Being “Soulful”, Animal Training, and Finding Your Bottleneck

Ever since I had a conversation with Anna Salamon a few weeks about about “soulfulness”, my thoughts keep returning to the topic. I don’t have a great definition of what being soulful is, and I’d say that it probably lines up pretty well but not perfectly with most people’s intuitive definitions.

Anna explained it using a picture, which was helpful. I won’t try to replicate it here though, both because drawing pictures interrupts my flow significantly, and because I think I’ll personally get more value out of trying to use words.

I’ll take it for granted that humans have a bunch of subsystems. Insofar as this is just a metaphor, I’ve found it to be a very robust one.
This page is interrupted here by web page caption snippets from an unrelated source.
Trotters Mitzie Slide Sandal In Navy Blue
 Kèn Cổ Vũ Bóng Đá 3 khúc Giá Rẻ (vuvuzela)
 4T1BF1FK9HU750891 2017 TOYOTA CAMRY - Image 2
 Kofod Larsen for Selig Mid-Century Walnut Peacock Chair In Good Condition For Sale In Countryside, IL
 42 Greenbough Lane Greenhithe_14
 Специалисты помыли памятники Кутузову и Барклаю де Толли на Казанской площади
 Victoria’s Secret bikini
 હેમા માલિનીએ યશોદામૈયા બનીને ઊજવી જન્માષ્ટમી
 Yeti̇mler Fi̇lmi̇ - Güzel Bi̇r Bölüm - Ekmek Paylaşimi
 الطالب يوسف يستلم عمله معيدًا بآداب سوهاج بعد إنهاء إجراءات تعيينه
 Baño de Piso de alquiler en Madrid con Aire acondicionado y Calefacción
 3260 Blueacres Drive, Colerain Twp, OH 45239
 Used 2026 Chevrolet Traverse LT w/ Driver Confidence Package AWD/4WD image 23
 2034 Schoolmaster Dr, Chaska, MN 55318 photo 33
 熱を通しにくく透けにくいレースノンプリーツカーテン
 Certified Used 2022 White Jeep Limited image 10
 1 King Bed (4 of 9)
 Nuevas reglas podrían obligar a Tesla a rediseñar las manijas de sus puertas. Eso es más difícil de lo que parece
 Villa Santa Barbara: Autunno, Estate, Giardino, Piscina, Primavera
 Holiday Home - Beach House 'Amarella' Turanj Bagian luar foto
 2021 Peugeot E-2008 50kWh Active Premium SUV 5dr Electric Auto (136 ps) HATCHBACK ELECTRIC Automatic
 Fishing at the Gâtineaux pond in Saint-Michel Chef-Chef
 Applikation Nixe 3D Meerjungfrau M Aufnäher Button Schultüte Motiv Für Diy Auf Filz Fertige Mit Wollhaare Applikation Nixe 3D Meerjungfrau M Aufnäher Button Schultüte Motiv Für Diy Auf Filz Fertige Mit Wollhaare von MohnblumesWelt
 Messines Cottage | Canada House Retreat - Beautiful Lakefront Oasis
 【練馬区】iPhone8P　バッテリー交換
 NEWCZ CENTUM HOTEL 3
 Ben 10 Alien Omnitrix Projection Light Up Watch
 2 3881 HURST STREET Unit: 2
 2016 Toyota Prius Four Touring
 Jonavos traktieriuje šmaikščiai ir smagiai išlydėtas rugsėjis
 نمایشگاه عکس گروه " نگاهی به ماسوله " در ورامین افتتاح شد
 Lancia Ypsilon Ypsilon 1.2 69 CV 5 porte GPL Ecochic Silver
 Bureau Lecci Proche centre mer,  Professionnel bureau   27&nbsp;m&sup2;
The subsystems don’t start out perfectly exchanging information–I can tell by observing my daughter that it takes a while for internal communication to come online. (For example, despite because physically able to clap, she seems so far unable to do so consciously. Whatever subsystem is hooked up with trying to make gestures for social reasons isn’t connected to the subsystem that moves her hands towards each other. On the other hand, she can point consciously.)

But, while communication doesn’t start out high bandwidth, that’s different from being actively blocked. That seems to happen to just about everyone, and it happens later. I’m a bit confused about how much of it happens when, but that point, while of practical importance to me, is not central to this argument.

I’ll give an example of what I mean by blocked. A classic example would be a person who gets the idea growing up that anger is bad. It’s destructive, harmful, and immoral to be angry. And, getting angry will get you cast out of the tribe.

The person may decide to disown his anger, even to the point of thinking that he never gets angry. In Jungian terms, the anger becomes part of the person’s “shadow”. 

The example about anger is a pretty broad one, but we develop all sorts of identities and ideas about what it is and isn’t okay to be, think, feel, and do. And, while these conceptions do have an effect on us, the effect isn’t (ever?) to actually eradicate the thing–it’s to cut ourselves off from it. If you’ve ever read about microexpressions, that’s relevant too. Just because we deny our anger, doesn’t mean it won’t flash across our face really quickly. We’re inhibiting it, but it is also, in some sense, still there.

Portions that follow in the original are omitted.